▸ **EXERCISE GOAL**
Omit the images and output every line of the data below exactly.

▸ **RECORDED INFORMATION**
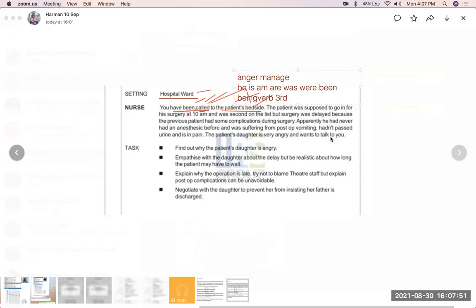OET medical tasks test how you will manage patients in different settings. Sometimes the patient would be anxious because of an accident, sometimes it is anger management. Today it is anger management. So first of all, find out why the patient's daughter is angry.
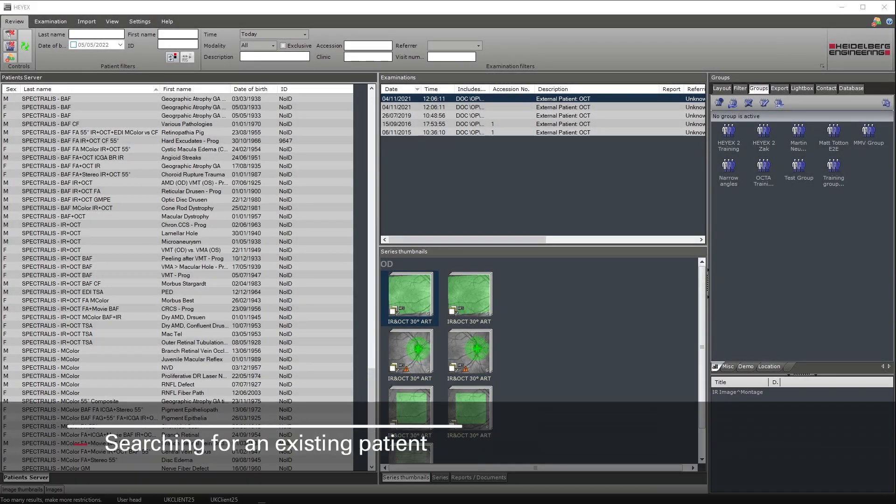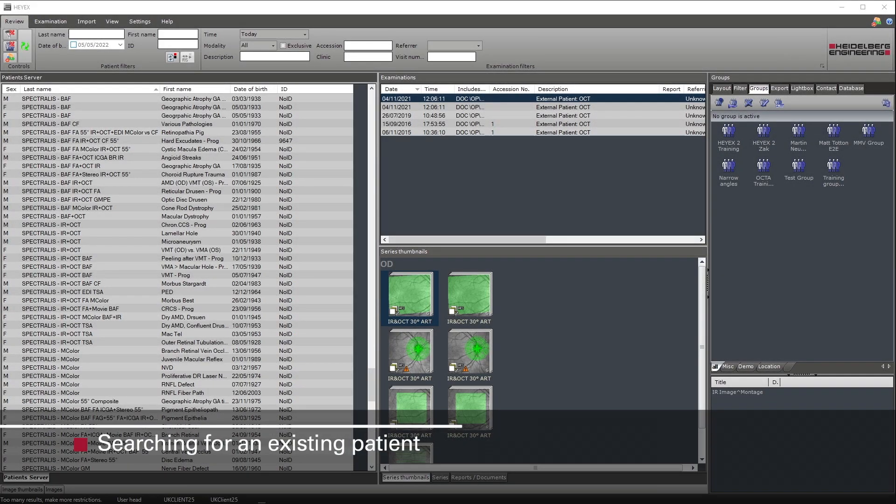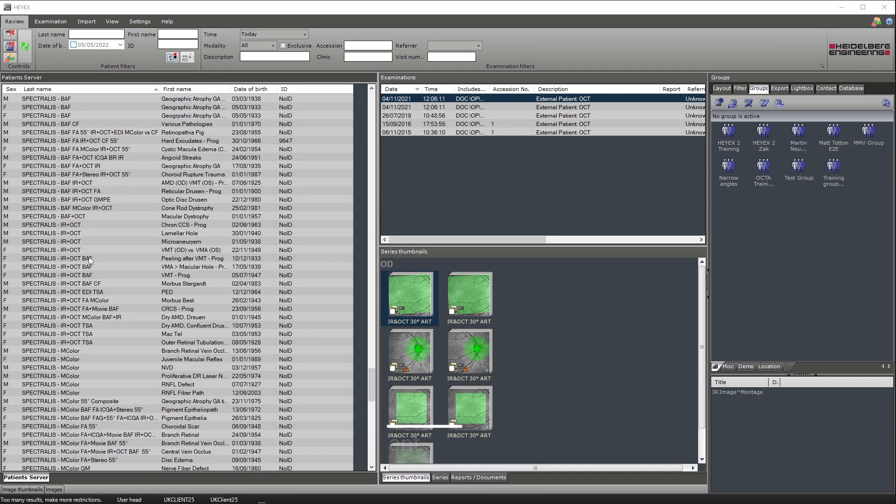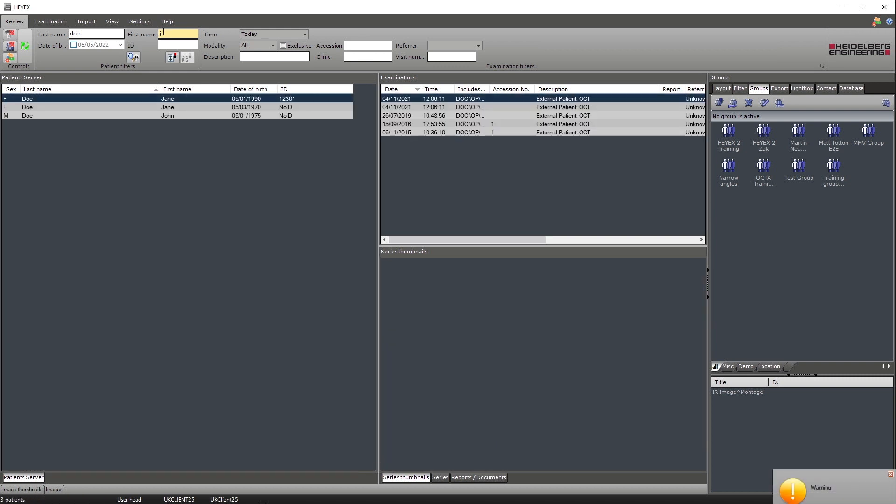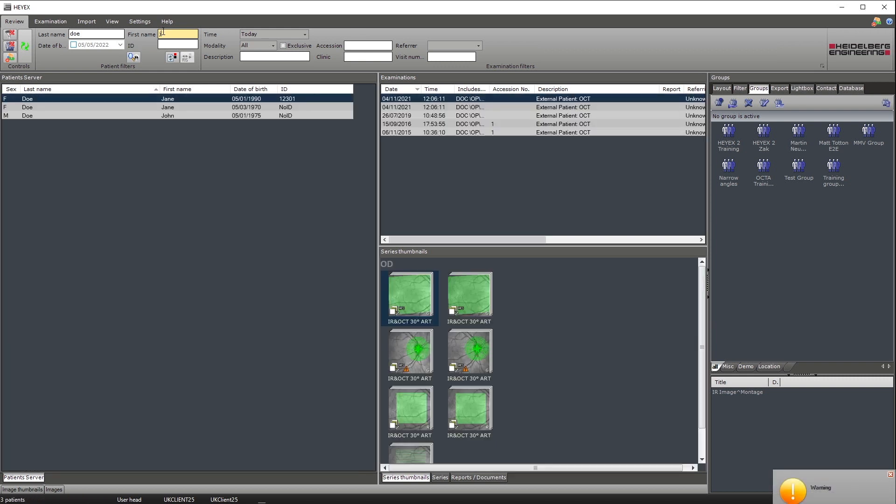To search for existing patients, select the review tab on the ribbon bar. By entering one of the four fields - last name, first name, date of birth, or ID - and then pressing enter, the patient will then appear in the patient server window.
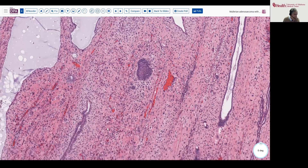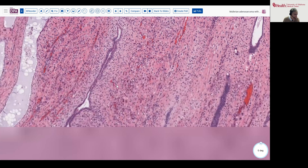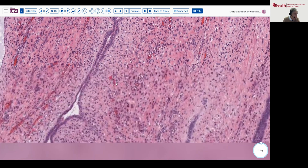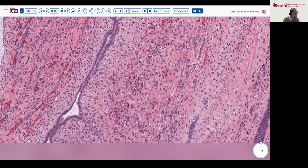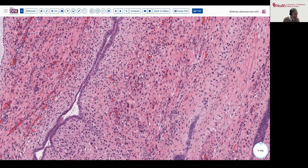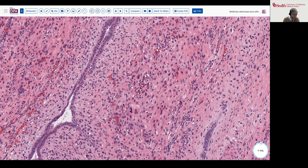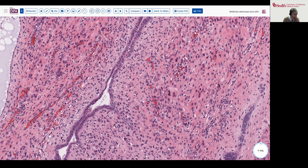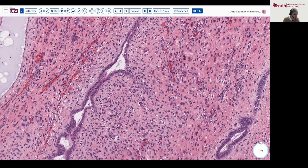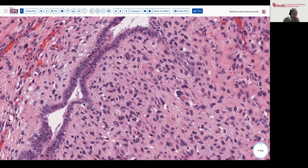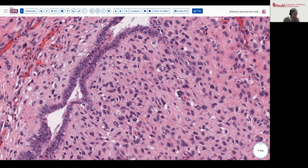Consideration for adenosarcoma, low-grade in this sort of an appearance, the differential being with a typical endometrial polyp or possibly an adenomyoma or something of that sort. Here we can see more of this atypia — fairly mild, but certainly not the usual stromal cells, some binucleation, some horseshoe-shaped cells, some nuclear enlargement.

▸ **OUTPUT OF THE EXERCISE**
OET medical tasks test how you will manage patients in different settings. Sometimes the patient would be anxious because of an accident, sometimes it is anger management. Today it is anger management. So first of all, find out why the patient's daughter is angry.
To search for existing patients, select the review tab on the ribbon bar. By entering one of the four fields - last name, first name, date of birth, or ID - and then pressing enter, the patient will then appear in the patient server window.
Consideration for adenosarcoma, low-grade in this sort of an appearance, the differential being with a typical endometrial polyp or possibly an adenomyoma or something of that sort. Here we can see more of this atypia — fairly mild, but certainly not the usual stromal cells, some binucleation, some horseshoe-shaped cells, some nuclear enlargement.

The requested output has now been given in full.